Moreover, "vos omnes" is a completely fine and acceptable translation of "you all"... or better, it's the most correct one.


It's not frustrating, it's the way Duo works.

Once you know that all the courses translating English to a language with a non-existent in English singular/plural you distinction, they are forced to use "you all" to disambiguate which "you" it is". Once you know that: it's valid for all the Duo courses.

Translate what they see: no, to translate the meaning.

Expecting the user to ignore one word selectively

I think you didn't understand the point. It's not word by word that we have to translate, but by meaningful blocks. "you all" is a meaningful block meaning a plural you.
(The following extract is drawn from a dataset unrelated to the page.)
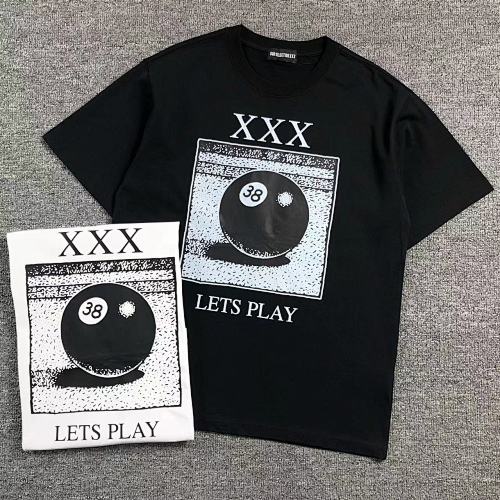 God Selection Xxx T-Shirt
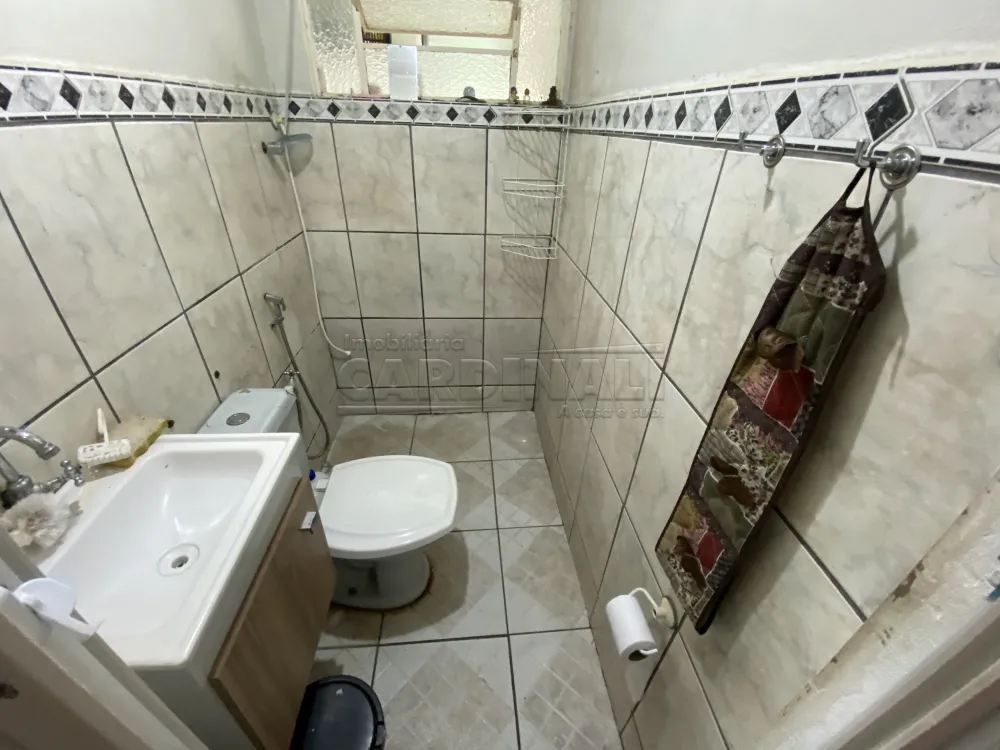 Comprar Casa / Padr&atilde;o em S&atilde;o Carlos R$ 240.000,00 - Foto 15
That's all.


I am not normally given to making a fuss, but I have to disagree on one point. Duolingo is American, we understand that much, and many Americans (not all) use the "you all" plural; but on the other courses I do, Duo does not insist on "you all" for plural you. And I really feel it should not. You all, or y'all, is not used anywhere else in the English-speaking world, and it is a source of real irritation for many users. Duo manages to deal with this considerately in French, German, Dutch and other languages: why not in Latin?

I get that bathrooms are toilets. I understand that elevators are lifts. I have come to accept that pavements are carriageways for motor vehicles. But you all ? Honestly, it is like a red rag to a bull, like a piece of chalk being scraped across a blackboard. It grates, every time.


I don't know which courses apply this system; but I'm pretty sure there are some which accept both translations for "you". And that's great, because there are many other ways to learn the two pronouns (e.g. translating into English, matching pairs, etc.).

We have to "translate the meaning"? Great. Then, the meaning of "you all" is not "you (plur.)". It's "you all". In standard English, the two things are different. I'm willing to have "vos" accepted as a translation, but "vos omnes" is clearly the most correct translation, and marking it as an error is just silly.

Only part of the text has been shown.